Extracted records -
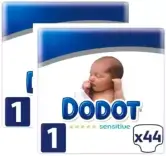 Pañales Dodot Sensitive Talla 1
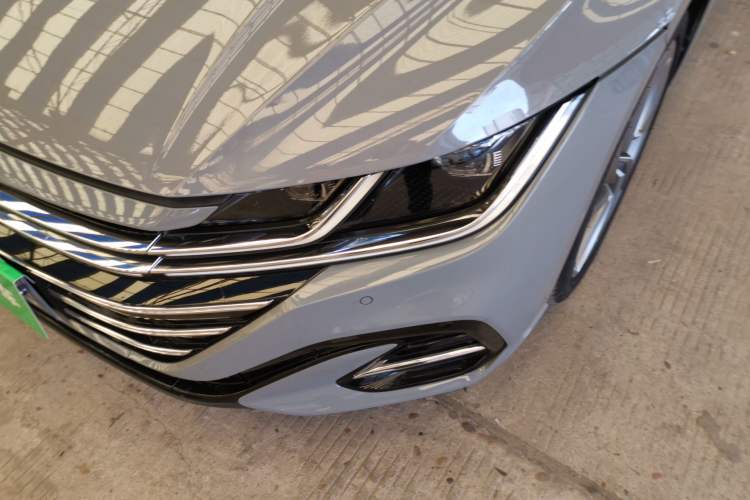 Used Volkswagen FAW-Volkswagen CC 2021 380TSI Striking Edition Left Front Headlight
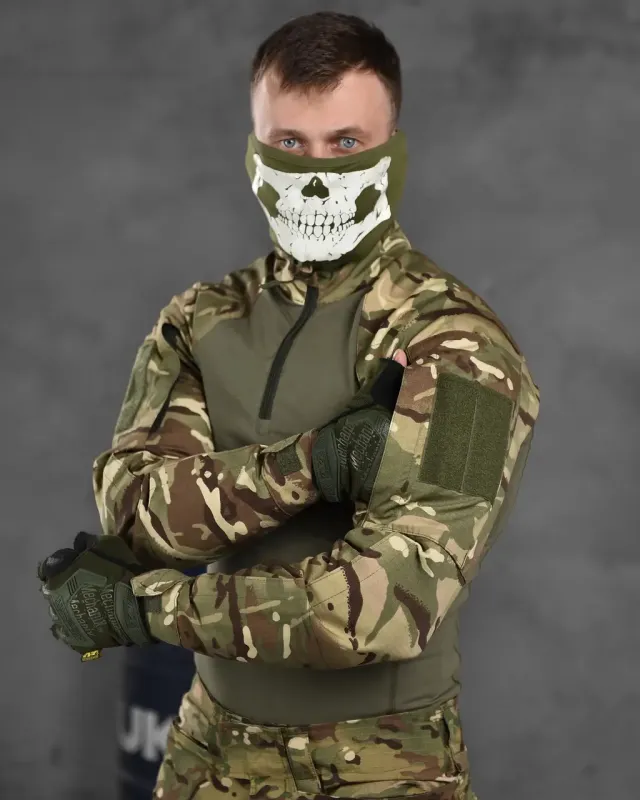 Боевая одежда Костюм COMBAT G3 мультикам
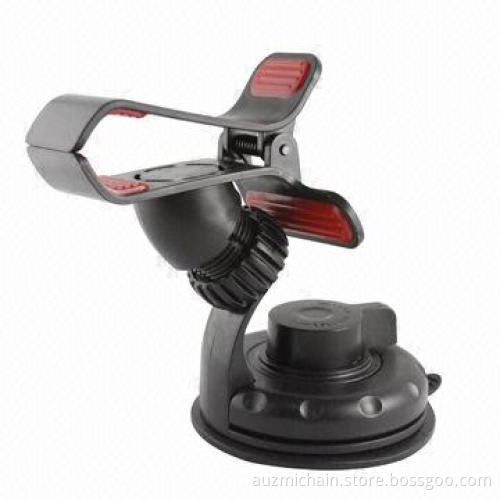 Universal Holder for Car, Fits GPS, iPhone, PDA, Mobile Phones, MP4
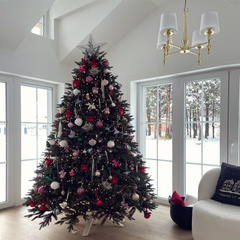 Lampa wisząca AUSTIN P04159BR-WH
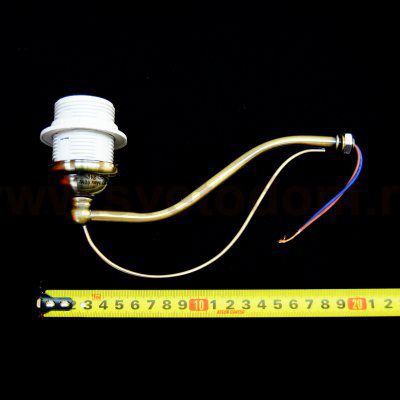 Люстра с абажурами и бантами Colosseo 82165/5C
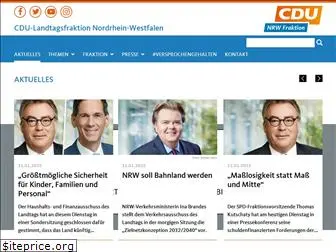 cdu-nrw-fraktion.de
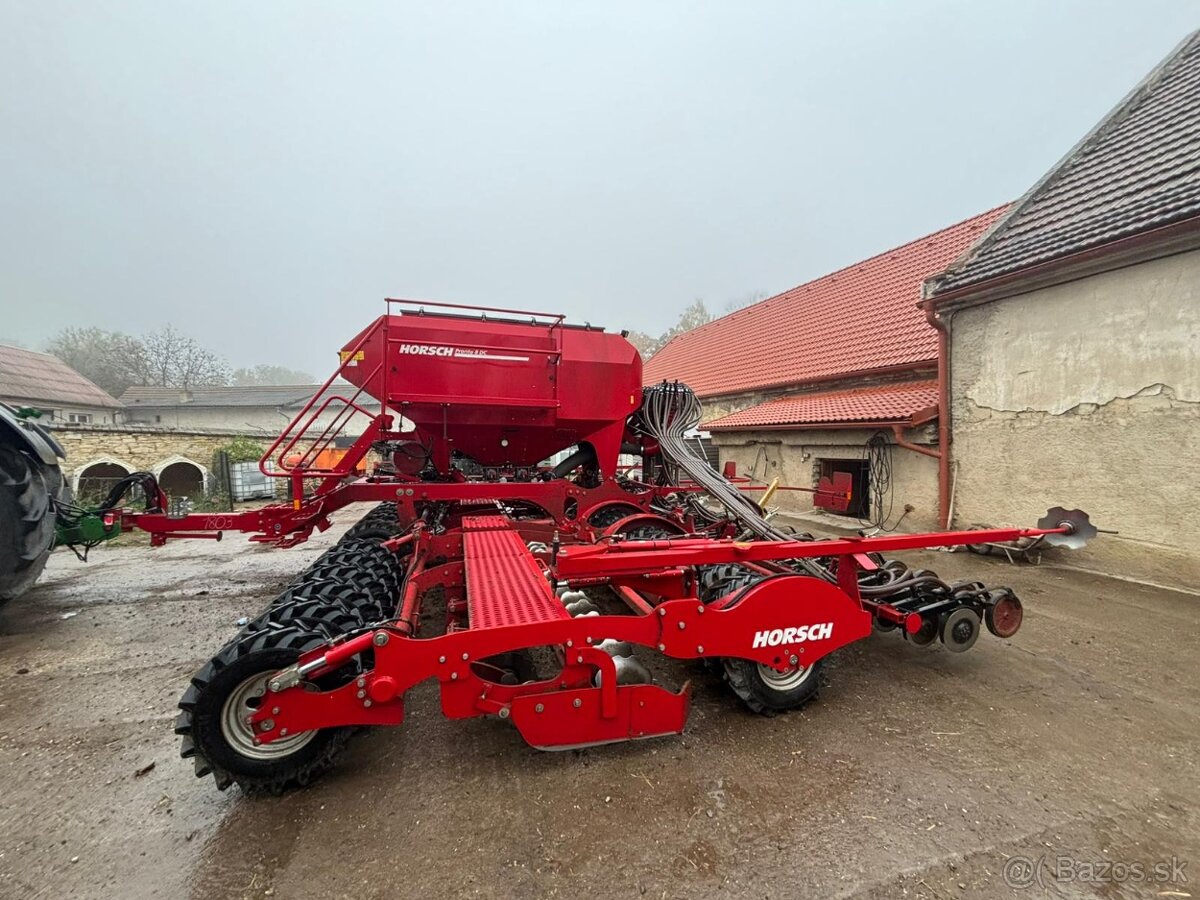 HORSCH Pronto 8 DC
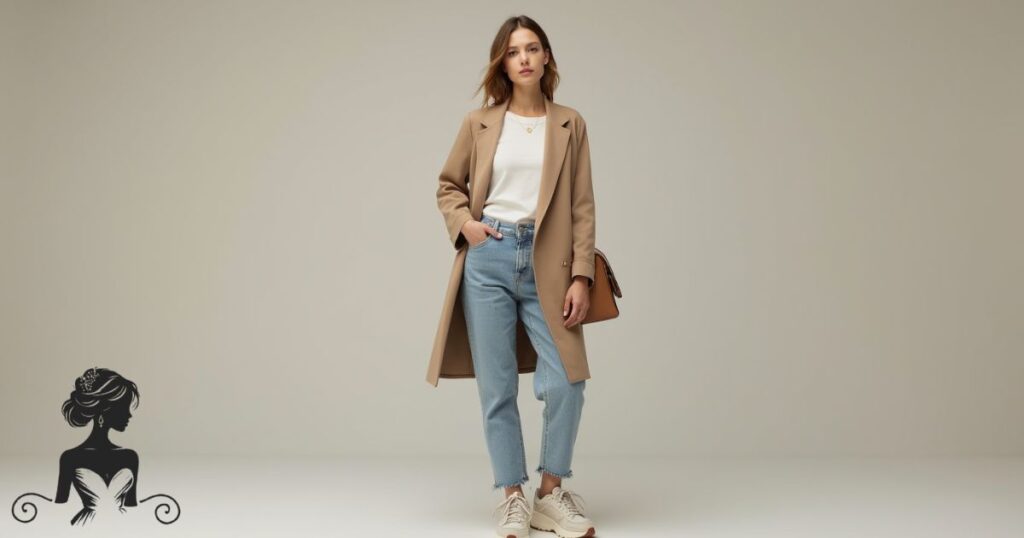 Trendy Cool: Oversized Blazer Looks for a Casual Edge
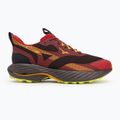Pánske bežecké topánky Mizuno Wave Rider TT 2 molé/rythmic red/evening primrose 2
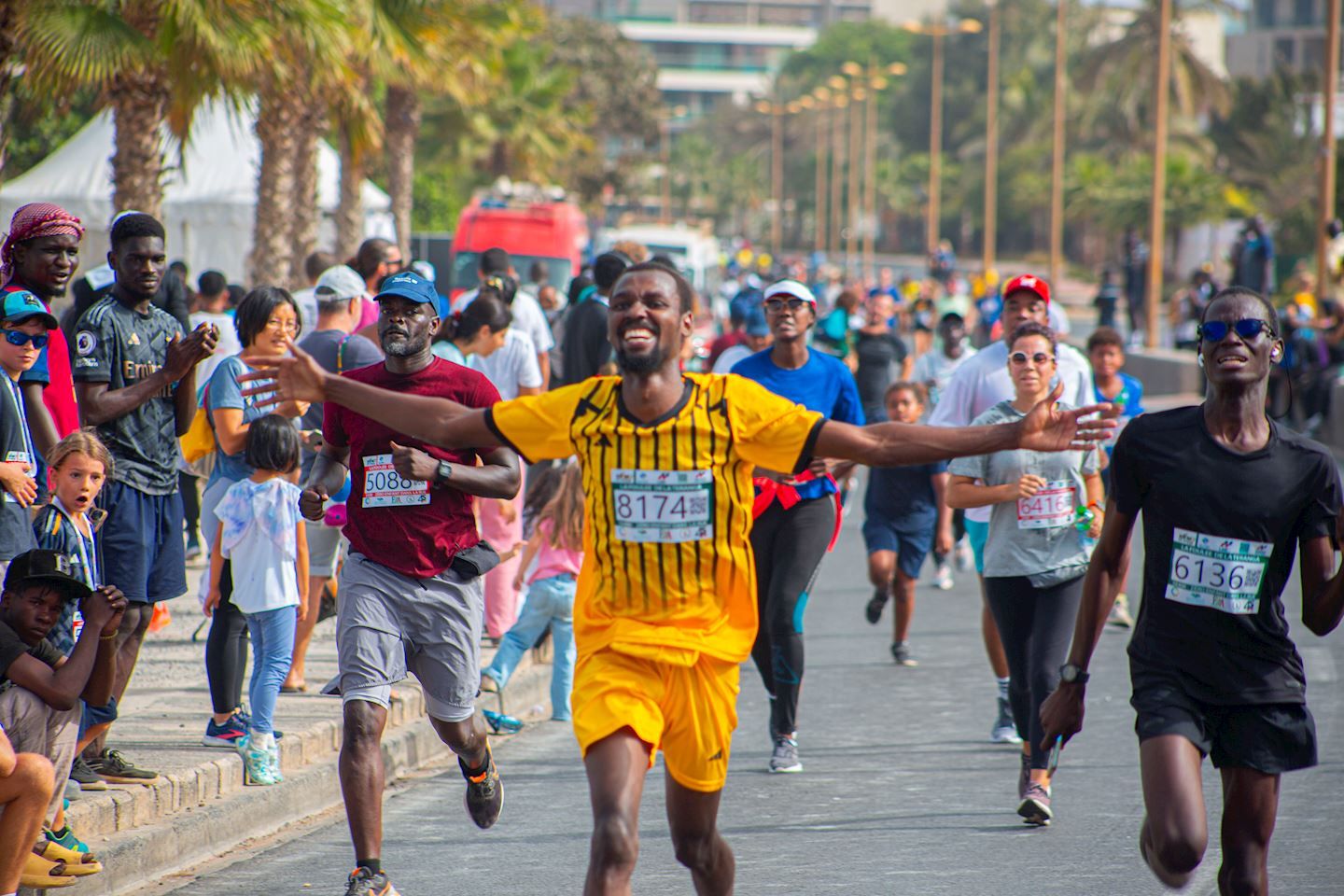 10km de Dakar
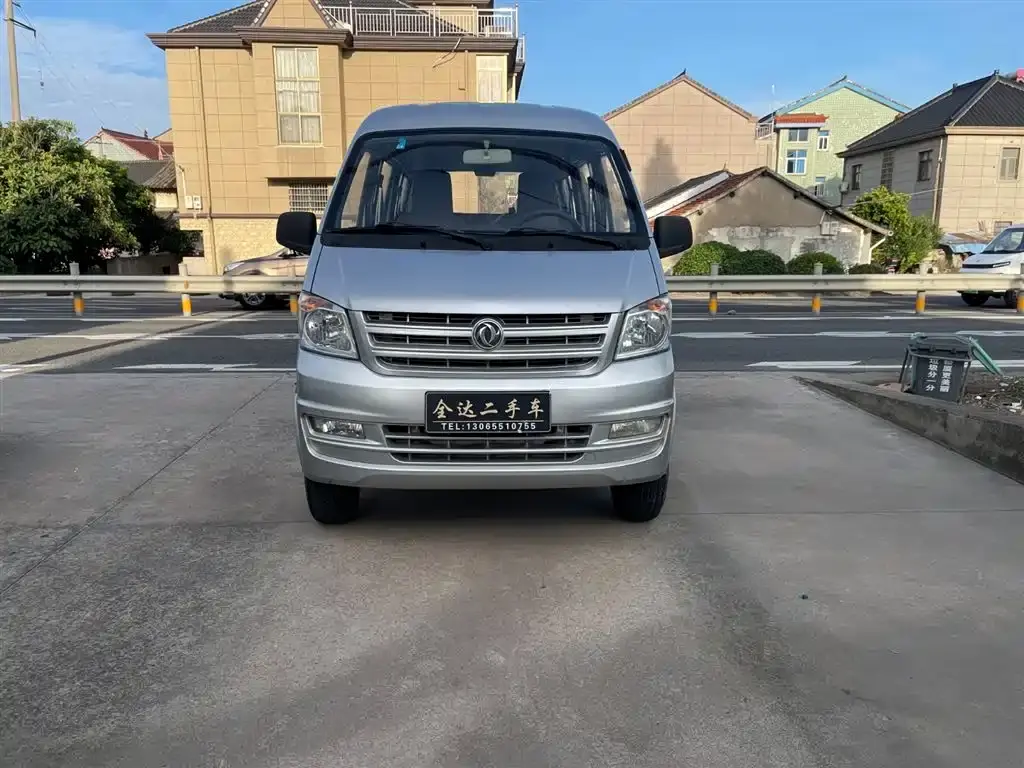 Dongfeng Xiaokang K07S 2018 1.0L practical DK10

THE PROBLEM - Without including the pictures, reproduce all entries exactly.

TASK ANSWER -
 Pañales Dodot Sensitive Talla 1
 Used Volkswagen FAW-Volkswagen CC 2021 380TSI Striking Edition Left Front Headlight
 Боевая одежда Костюм COMBAT G3 мультикам
 Universal Holder for Car, Fits GPS, iPhone, PDA, Mobile Phones, MP4
 Lampa wisząca AUSTIN P04159BR-WH
 Люстра с абажурами и бантами Colosseo 82165/5C
 cdu-nrw-fraktion.de
 HORSCH Pronto 8 DC
 Trendy Cool: Oversized Blazer Looks for a Casual Edge
Pánske bežecké topánky Mizuno Wave Rider TT 2 molé/rythmic red/evening primrose 2
 10km de Dakar
 Dongfeng Xiaokang K07S 2018 1.0L practical DK10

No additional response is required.